第57表 朝鮮人の不法入国(目的)(国警および自警)
年 目的 | 26 | 27 | 28 |
| 出 稼 | 1,248 | 416 | |
| 面 会 | 554 | 252 | 209 |
| 同 伴 | 293 | 226 | 246 |
| 遭 難 | 170 | 39 | |
| 勉 学 | 146 | 240 | 266 |
| 密航者輸送 | 142 | 14 | |
| 永 住 | 317 | ||
| 同 居 | 249 | 682 | |
| 密 貿 易 | 15 | ||
| 求 職 | 196 | ||
| そ の 他 | 221 | 8 | 304 |
| 計 | 2,774 | 1,776 | 1,903 |
朝鮮人の不法入国(目的)(海上保安庁)
年 目的 | 26 | 27 | 年 目的 | 28 |
| 出 稼 | 10 | 1 | 密 貿 易 | 3 |
| 勉 学 | 13 | 13 | 商 用 | 3 |
| 避 難 | 28 | 37 | 出 稼 | 20 |
| 帰 国 | 11 | 3 | 輸 送 | 22 |
| 面 会 | 32 | 12 | 漁 ろ う | 3 |
| 同 行 | 34 | 3 | 災 害 避 難 | 16 |
| 輸 送 | 1 | 勉 学 | 34 | |
| その他 | 271 | 116 | 医 療 | 2 |
| 不 詳 | 211 | 179 | 徴 兵 忌 避 | 5 |
| 計 | 611 | 364 | その他(経済的) | 91 |
| 〃(文化社会的) | 18 | |||
| そ の 他 | 124 | |||
| 計 | 341 | |||
「えっと、これまで深く考えてこなかったんだけど、国警・自警って何なのかな?」
「国警は国家地方警察、自警は自治体警察の略称なの。

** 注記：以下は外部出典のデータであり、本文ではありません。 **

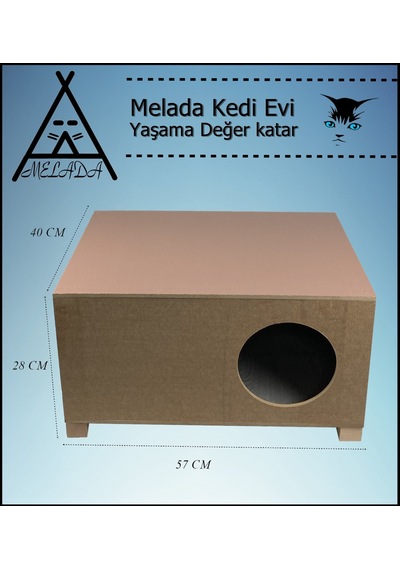 Melada Kedi Evi Dış Ortam Uygun Ahşap Kedi Evi 57x40x28 Cm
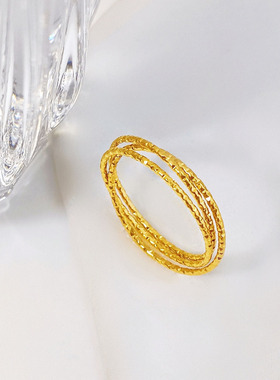 欧美气质简约磨砂三环戒指女款时尚流行个性设计钛钢镀金指环百搭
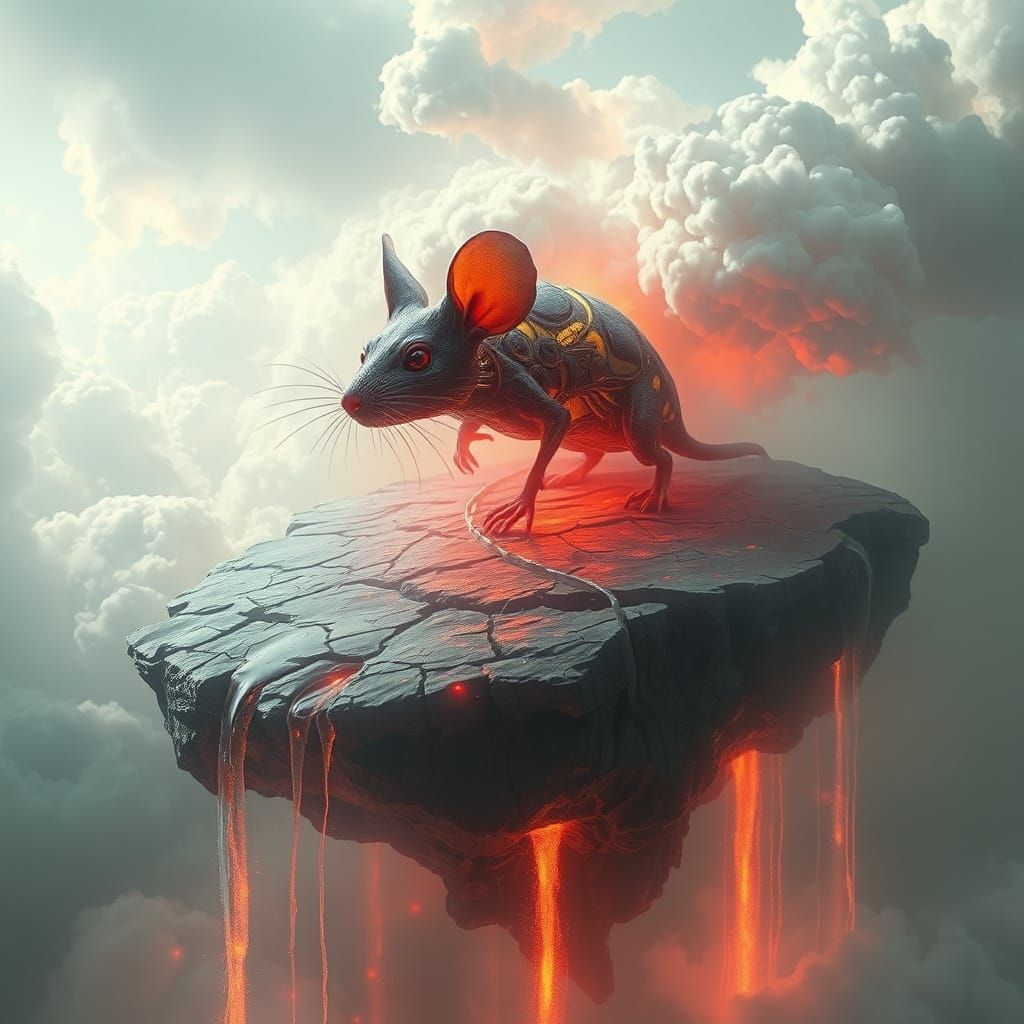 Surreal Biomechanical Rat Emerges from Obsidian Island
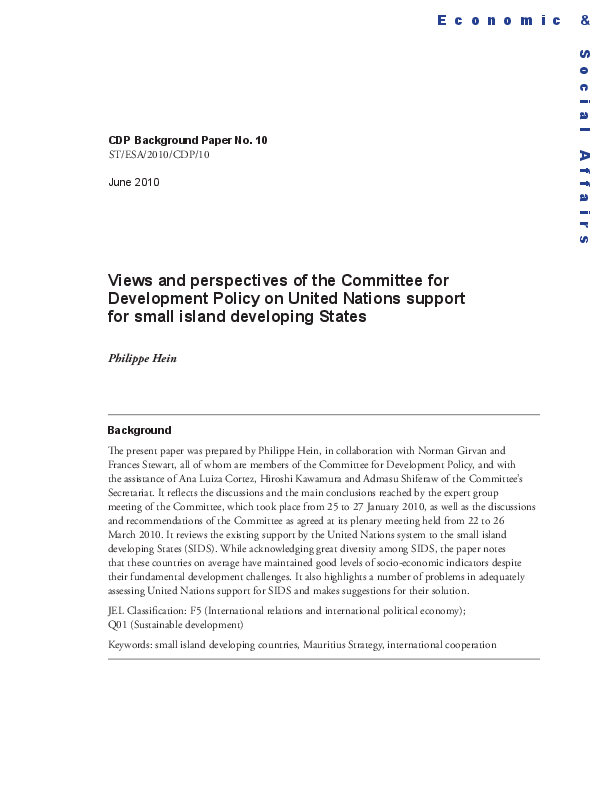 CDP Background Paper Series Archive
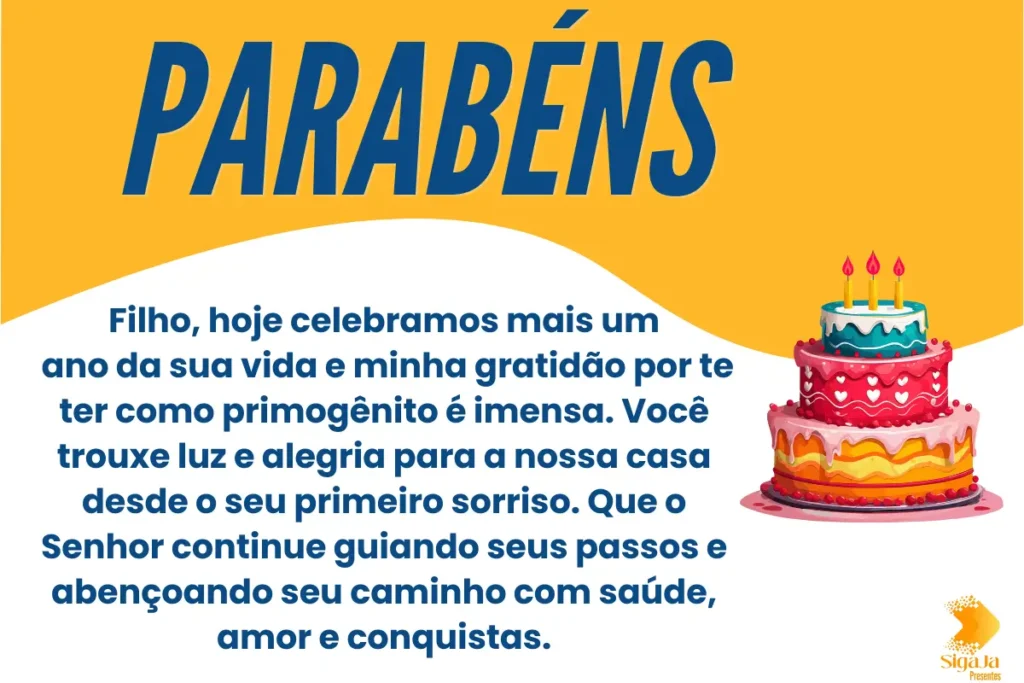 mensagem de aniversário para filho primogênito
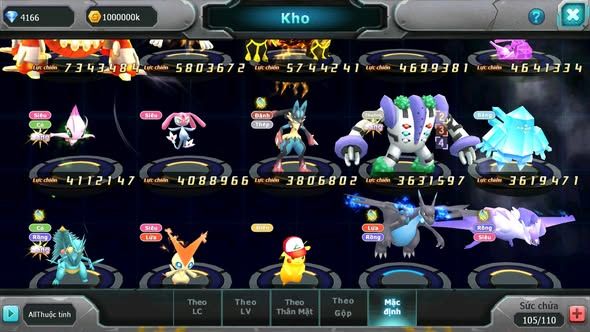 MÃ : #TTS3961 - SV 1262 - V11 - TOP 45 - HOOH DYNAMAX UNVOA WB BC THẦN GIÓ BC QVLD LUGIA BC NHIỀU PET HT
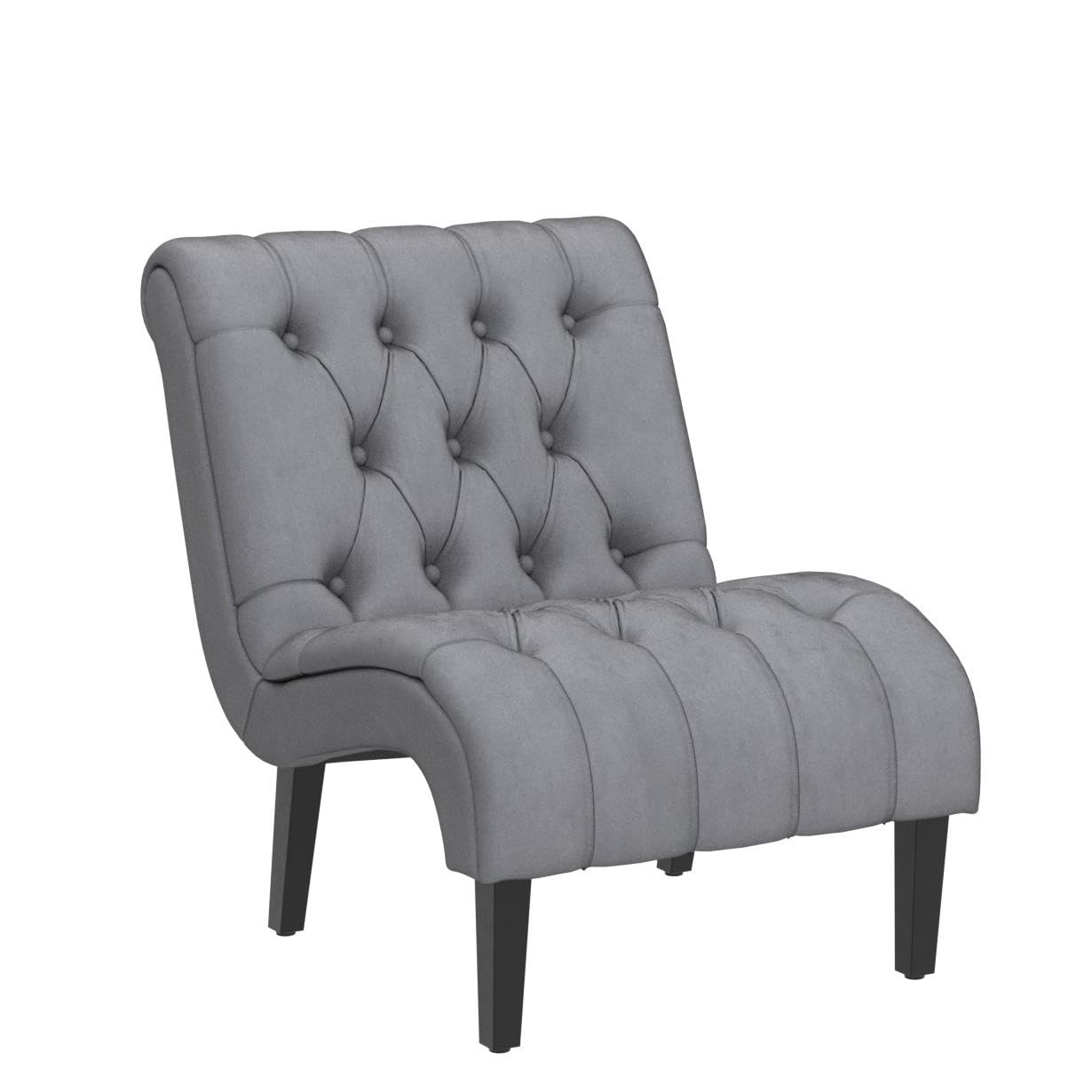 AVAWING 2-Piece Armless Accent Chair Set - Upholstered Button Tufted Living Room Chairs with Sturdy Wood Legs, Soft Frosted Velvet Lounge & Reading Chairs for Bedroom or Office - Modern Grey Home Decor (Perfect for Small Spaces, Reading Nooks & Cozy Corners)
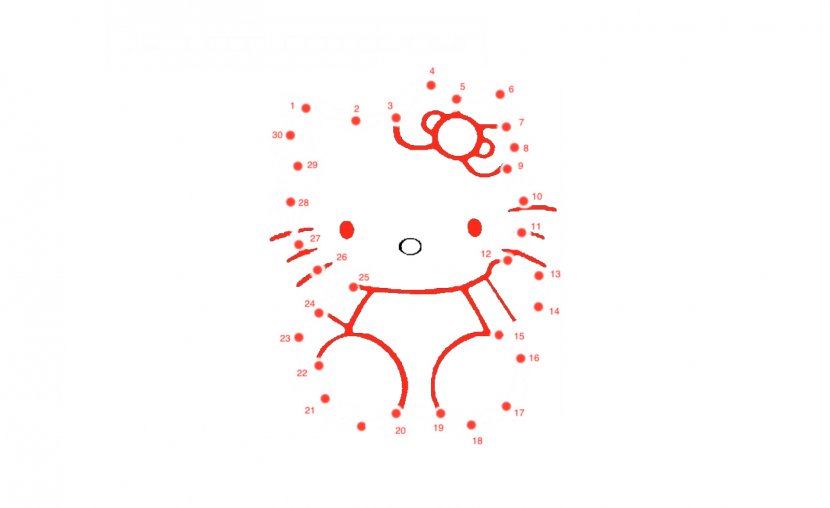 Hello Kitty Coloring Book Drawing Connect The Dots Cartoon - Tree Transparent PNG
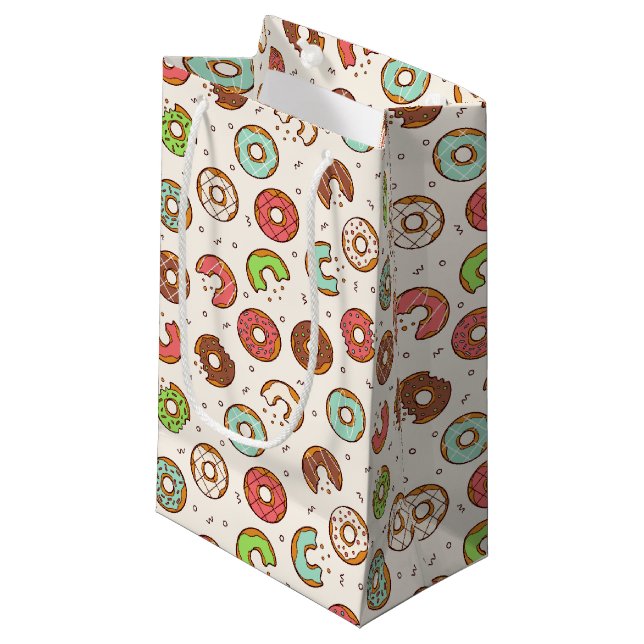 Retro Donut Pattern Cute Colorful Style Small Gift Bag (Front Angled)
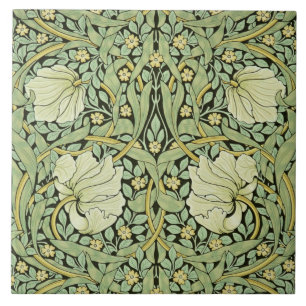 William Morris Vintage-Design, Pimpernel in Grün Fliese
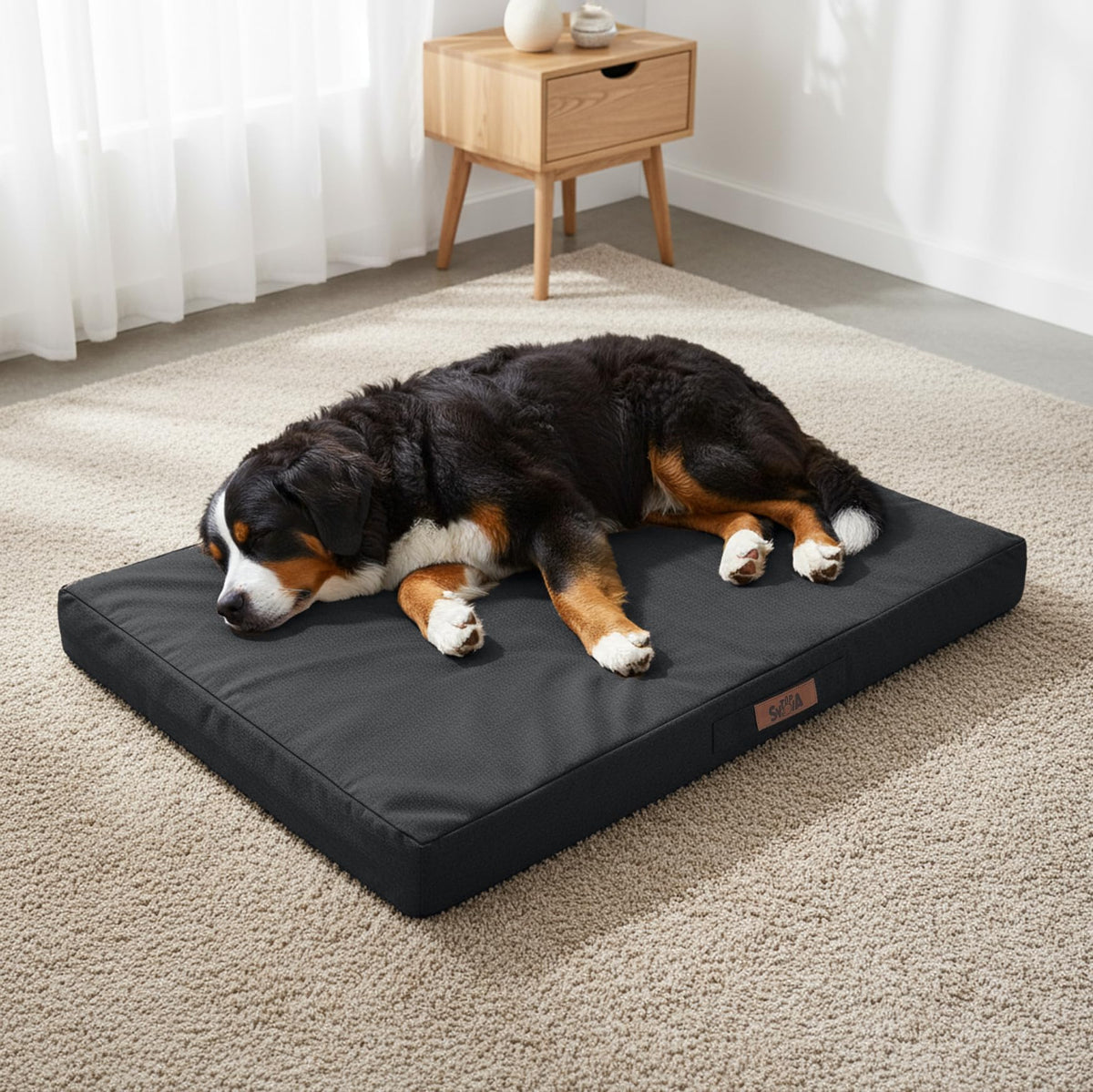 Sytopia chew-proof crate bed closeup highlights durable foam and sturdy fabric for dogs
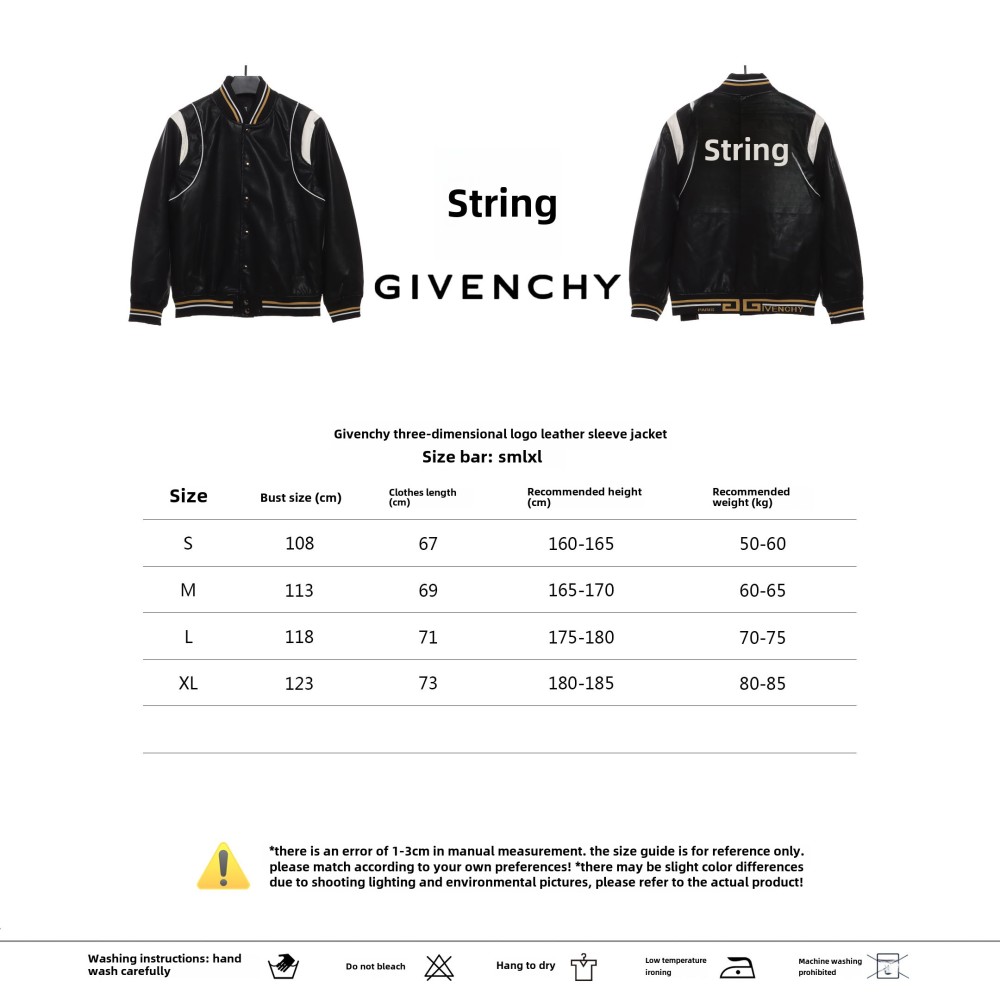  Givenchy 3D LOGO patchwork leather sleeve jacket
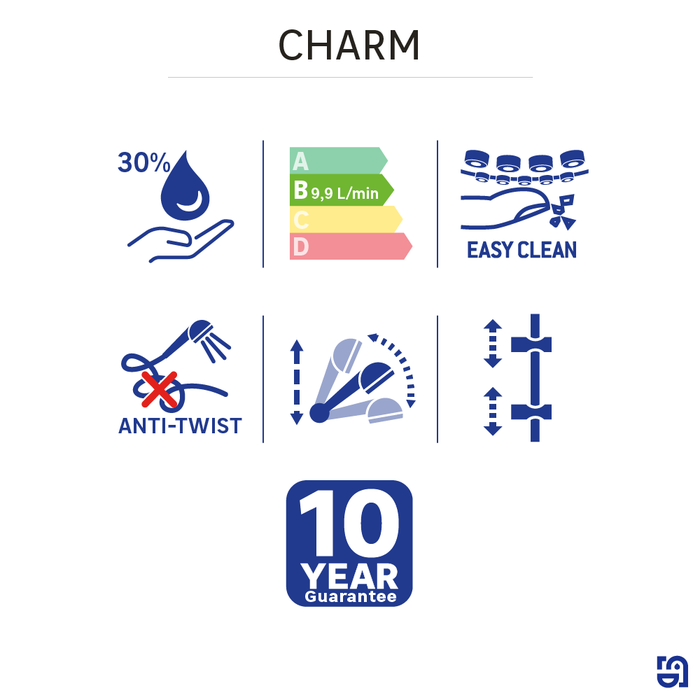 Pommeau de douche avec flexible et barre de douche 1 jet chrome Charm ...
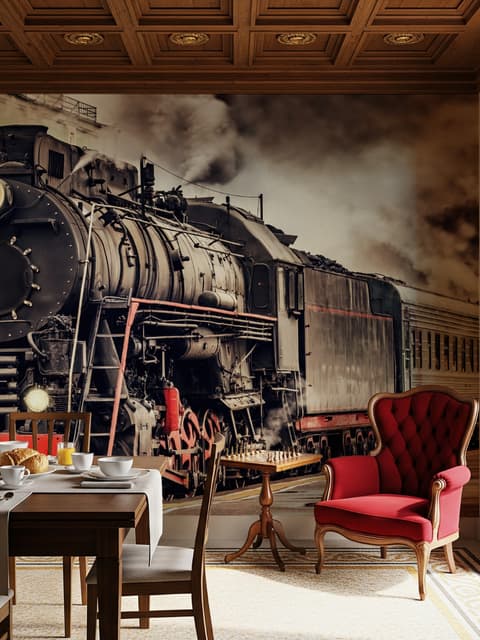 Vintage Train Wagon Railway Wallpaper Mural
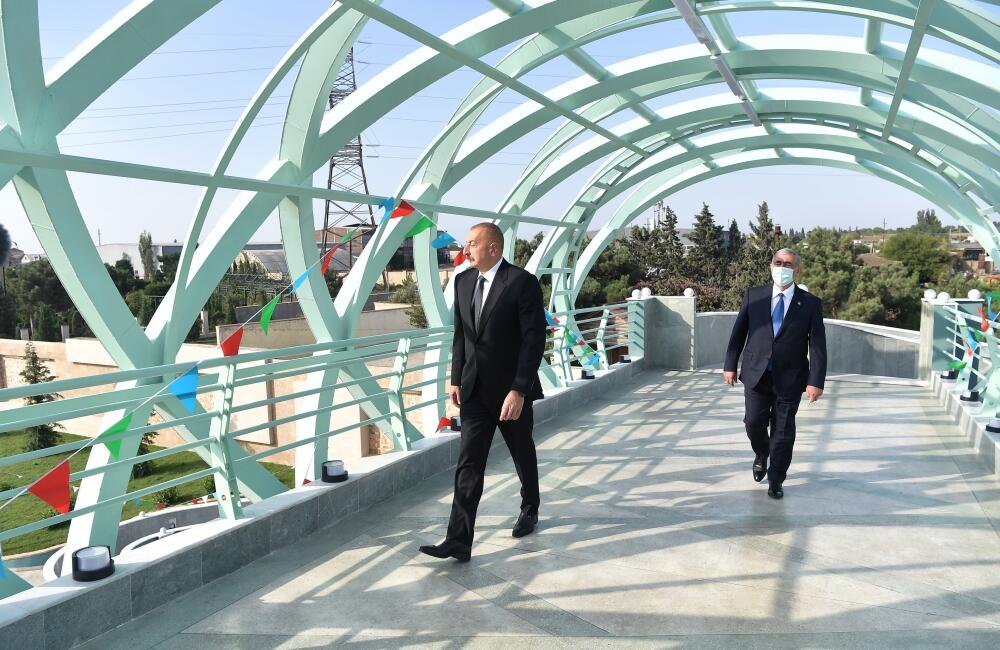 Prezident İlham Əliyev Mərdəkan-Zuğulba avtomobil yolunda yerüstü piyada keçidinin açılışında iştirak edib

両方とも1947(昭和22)年の警察法で設置されたの。国警はすべての市と人口5,000人以上の町村に設置されて経費は自治体負担、国警は人口5,000人未満の町村に設置されて運営は都道府県、経費は国庫負担だったの」
「2本立てやってんなぁ。そやけど、それやったら自治体の経費負担増大とか管轄の問題とかややこしくならへん?」
「そのとおりなの。経費に耐えられず自警を廃止する自治体も増えたし、結局1954年に警察法が全面改定されて、現在の警察庁と都道府県警察の体制に変わったんだよ。あ、第57表は参考程度に考えておいてね」
「人数合計が他のデータと食い違うから?
「それもあるんだけど、目的をどう定義・区分するかは調査者側の任意だから、国警・自警の統計と海保の統計をそのまま同列に扱えるか即断できないの」
「あー、そっか。たとえば国警・自警の「同伴」と海保の「同行」が
「そうそう。それと例えば「帰国」をどう解釈したらいいのかっていう定義の問題もあるし。だから不法入国目的の概要という程度に捉えておく方が無難だと思うの」第58表 朝鮮人の不法入国(年令)(国警および自警)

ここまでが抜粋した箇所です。